First, look at predicted versus actual vote share. Green points/error bars have 99% error bars that contain the actual result; orange points/error bars do not have 99% intervals that contain the result. If the model were well-calibrated, each year would have 99% coverage (percentage of predictions with 99% intervals that cover the truth). The actual coverage is in the title of each plot.
results_year = results_df.groupby("Year")
fignum = 0
for yr, year_df in results_year:
covers = year_df['Covers99']
err99 = year_df['PredSE']*2.54
#Colors for predictions that cover or miss the truth.

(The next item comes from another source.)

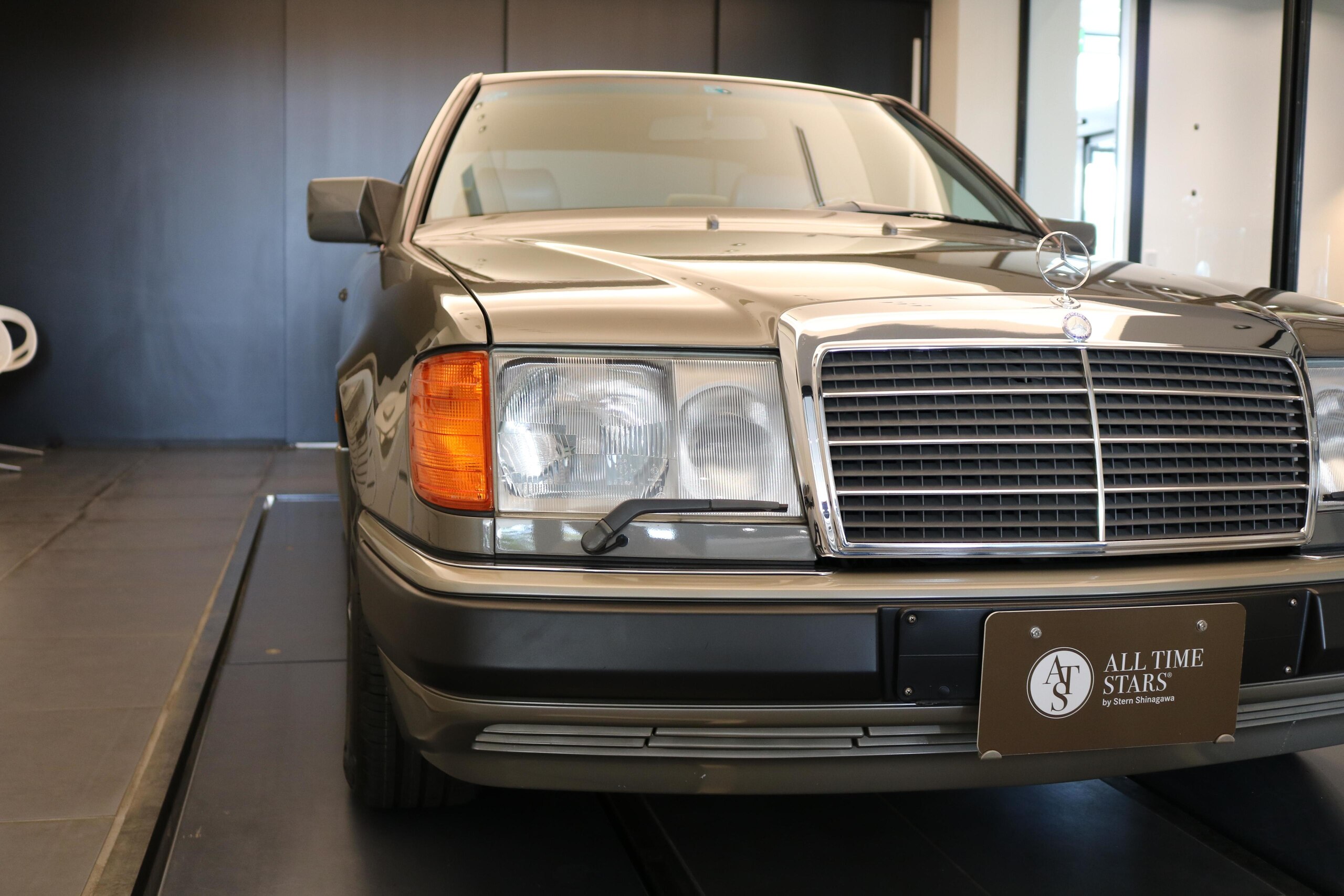 1991 Mercedes Benz 300CE-24 — Photo 6 / 19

cover_color = dark2_colors[0]
miss_color = "darkorange"
fignum += 1
plt.subplot(2, 3, fignum)
#Plot predictions that cover the truth.
plt.errorbar(year_df.ix[covers, 'Result'],
year_df.ix[covers, 'Pred'],
yerr=err99[covers], fmt='o', c=cover_color, ecolor=cover_color)
#Plot predictions that miss.
plt.errorbar(year_df.ix[~covers, 'Result'],
year_df.ix[~covers, 'Pred'],
yerr=err99[~covers], fmt='o', c=miss_color, ecolor=miss_color)
plt.xlim((-60,60))
plt.ylim((-60,60))
plt.plot([-60,60], [-60,60], linewidth=1, color='black')
plt.title("%d: %d%%"%(yr, (np.mean(covers)*100).round()))
plt.xlabel("Actual")
plt.ylabel("Predicted + Interval")
plt.tight_layout()
plt.show()
The model is not very well-calibrated since the 99% prediction intervals contain the truth far less than 99% of the time. However, the predictions seem to track well with the truth, suggesting that our current model is overconfident and is giving predictive intervals that are too short. If we made the predictive intervals larger, then they would contain the truth closer to 99% of time time. But these intervals (ostensibly) take into account all of the variation between polls. Where is the extra variation coming from? That's what you should think about on your homework.
We can do the same sort of performance check with the binary "Dem or Republican" outcome. Compute the predictied probability of a Republican win using the normal approximation to our predictive distribution. Look at the probability that a vote percentage difference drawn from this distribution is greater than zero.
Since we saw that our predictive distributions were too narrow (resulting in low coverage) in the last part, try adding some additional variance to the predictive distribution.
from scipy.stats import norm
#`norm.cdf` returns the probability that a normal random variable is less than
#a particular value.
#Here we add 2 to the predicted distribution's standard deviation.
#What might this extra variation represent?
results_df['prob_rep_win'] = 1-norm.cdf(0, loc=results_df['Pred'], scale=results_df['PredSE']+2)
To see whether these probabilities look better calibrated, group the data by the predicted probability of a Republican win. See whether the empirical win percentage in each group seems to track with the predicted win percentage.
results_df['pred_group'] = pd.cut(results_df['prob_rep_win'], 10)
pred_groups = results_df.groupby("pred_group")
pred_prob = pred_groups['prob_rep_win'].aggregate(np.mean)
real_prob = pred_groups['Result'].aggregate(lambda x: np.mean(x > 0))
plt.scatter(pred_prob, real_prob)
plt.xlim(0,1)
plt.ylim(0,1)
plt.plot([0,1], [0,1], linewidth=1, color='black')
plt.title("Republican Win Probability")
plt.xlabel("Actual")
plt.ylabel("Predicted")
plt.gca().set_aspect('equal')
Adding some variation does seem to help in predicting win percentages. There are still some real issues for the close races near 50%. Those are also the most interesting ones for a forecaster's perspective, so this is a problem. Hopefully, you can do better on the homework!